Find the smallest number of points required to estimate the value of $$\int_{0}^{1} sin(x^2\pi)dx$$ with error less than $10^{-8}$ using the Composite Simpson method. In the estimation n, use the absolute maximum of the corresponding derivative of $(1+x^2)^{-1}$
In this case I would find the maximum of the fourth derivative of $sin(x^2\pi)$ and then plug it into the following formula for Composite Simpson error: $ 10^{-8} ≥ $ $\dfrac {|f^4|(b-a)h^4}{180} $ and solve for h. Then, I would use $h= \dfrac{(b-a)}{n}$ where n is the number of points, and solve for n to get the number of points.

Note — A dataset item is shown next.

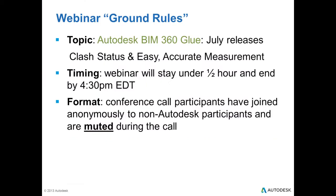So for anyone who's new to this training session series, I'd just like to briefly go over the webinar ground rules. Today's topic is about Autodesk BIM 360 Glue, the July releases for clash status and the new easy, accurate measurement tools. As usual, we're going to keep the webinar within half an hour and plan on ending by 4:30 Eastern Time.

HOWEVER, the last sentence of the question confuses me because I do not know what it means to use the absolute maximum of the corresponding derivative for n.
It might be easier than a direct computation of the sequence of derivative expressions to find the coefficient of $s^4$ in $f(x+s)=\sin(\pi(x+s)^2)$. \begin{align} \sin(\pi x^2 + \pi(2x+s)s) &=\sin(\pi x^2)\cos(\pi(2x+s)s)+\cos(\pi x^2)\sin(\pi(2x+s)s) \\ &=\sin(\pi x^2)\left[1-\frac12\pi^2(2x+s)^2s^2+\frac1{24}\pi^4(2x)^2s^4+O(s^5)\right] \\&\qquad +\cos(\pi x^2)\left[\pi(2x+s)s-\frac16\pi^3(2x+s)^3s^3+O(s^5)\right] \end{align} Thus \begin{align} \frac1{24}f^{(4)}(x) &=\sin(\pi x^2)\left[-\frac12\pi^2+\frac1{24}\pi^4(2x)^2\right] +\cos(\pi x^2)\left[-\frac12\pi^3(2x)^2\right] \\ |f^{(4)}(x)|&\le4\pi^2\sqrt{(3-\pi^2x^2)^2+(12\pi x^2)^2} \\ &\le4\pi^2\sqrt{9+138\pi^2+\pi^4}\le160\pi^2\le1600 \end{align} giving $n\sim \sqrt[4]{10^8\cdot 1600/180}\le100\cdot\sqrt{3}\le 175$. An adaptive strategy finds a sequence of $147$ nodes with a minimal step of $0.00390625$ ($n=256$ if filled out) sufficient to get this accuracy.